Just around the corner you can expect the first of the mahi mahi, with the FAD and any trap floats out in 60 fathoms being well worth a shot. These early fish are often far bigger than those arriving later in the season, so if you want a shot at a 10kg to 20kg dollie, now’s the time to start looking.


Some good weather and relatively small swell have allowed anglers to fish the beaches and rocks to good effect.

The solid run of tailor has continued nicely, as have the big bream along the stones.

And if you put in the hours just on and after dark, some big jewfish have been caught. Most locals simply chop the head off the last tailor caught and lob it out on stout gear with a 10/0 hook. It’s pretty basic but you can’t argue with the results.


The Macleay River has started to heat up with a pretty good run of flathead in the lower reaches. Most of the action has been along the lower rock walls with fish up to 6kg.

Most of the fish along the deep tidal walls are generally of a larger size, from 1kg to 3kg, but you still also pull the little tackers.

For sheer numbers, though, it’s hard to beat the tidal flats up towards Stuarts Point.

Jewfish numbers are beginning to build. It’s been a pretty slow couple of years for jewfish but they have now been caught fairly regularly, although certainly not in the numbers we’ve become accustomed to.

As it stands, if you fish the right tides and know where to go, the odds are you’ll catch jewfish most outings. And with the fish averaging 10kg to 14kg, you can have loads of fun flicking plastics on light gear.

Bream anglers are still scratching around for a feed. Sure, there are fish in the river but a combination of flood water, followed by releases of stagnant floodgate water, and now very clear run-in tides have made it quite a challenging exercise indeed. However, if you put in a decent effort up around Jerseyville to Benalong, you should find some good schools of fish.


The first of what is hoped to be many annual Trial Bay Engineering Pro Flathead Comps was held at South West Rocks. Considering the short notice and subsequent lack of publicity, a solid contingent of 34 anglers showed up to fish the catch-and-release event, which was lure and fly only. The heaviest overall catch weight determined the winner.

With three weigh-ins for the day, the boat ramp was quite busy as a stream of keen anglers quickly weighed their fish and headed back out. The combined weight of the largest fish weighed and released for each of the three decided the final weight for the day.

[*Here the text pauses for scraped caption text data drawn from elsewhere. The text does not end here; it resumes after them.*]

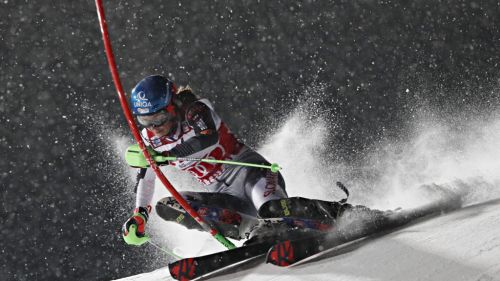 LIVE from Flachau: at 8.45 pm the 2nd round of the slalom starts, it's a four-way challenge!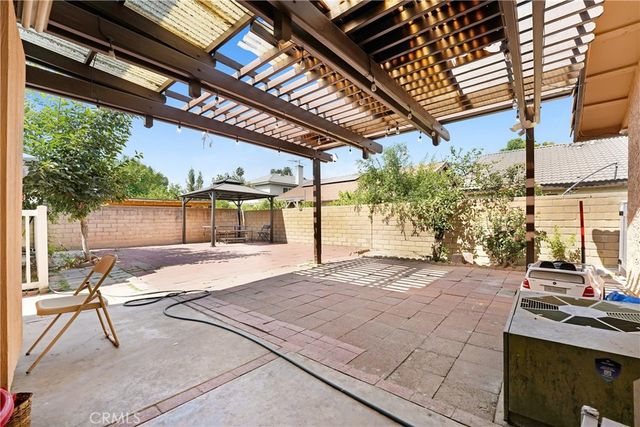 21050 Community Street, Canoga Park, CA 91304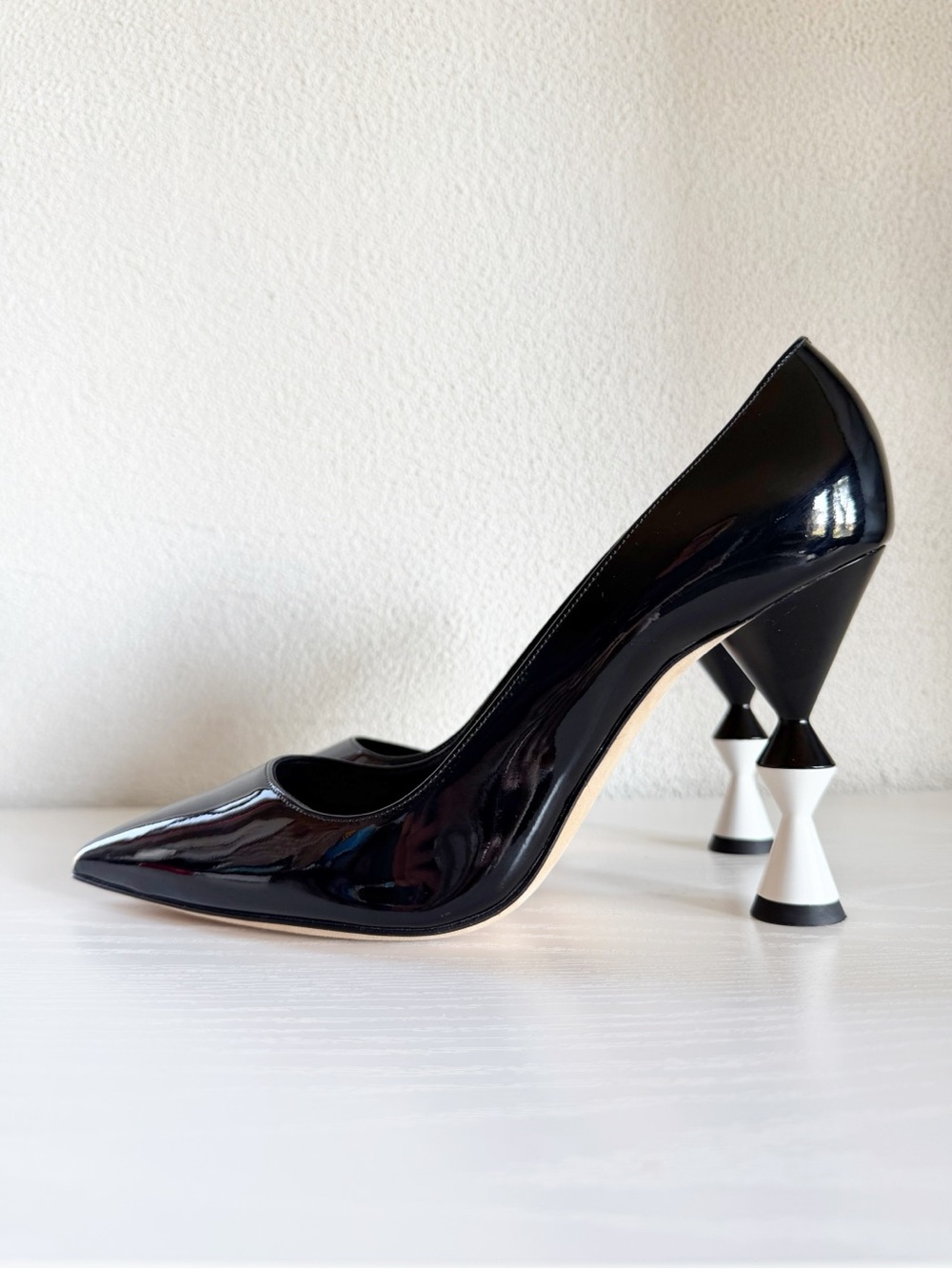 Manolo Blahnik Black Patent Leather Sculptural Hourglass Heel Pumps EU 40.5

Conditions were absolutely perfect with light winds and full sunshine but the fishing was a little slow by SWR standards but some terrific fish were weighed and released, including two rippers close to 6kg – the heaviest flathead weighed since the NSW Pro Flathead Series conception.

It was a great comp in a great venue and everyone had a ball. Special thanks go to Vic Grezl from Trial Bay Engineering, G. Loomis and Pflueger for supplying some terrific prizes making the event even more memorable.

I have no doubt that next year will be bigger and better, so if you’re keen on chasing big flathead, come join in the fun. I’ll remind you a month or so before the event.

The top three anglers were: Wayne Gordon (3 fish for 9.450kg); Geoff Schmidt (1 fish 5.990kg) and myself (2 fish for 4.550kg).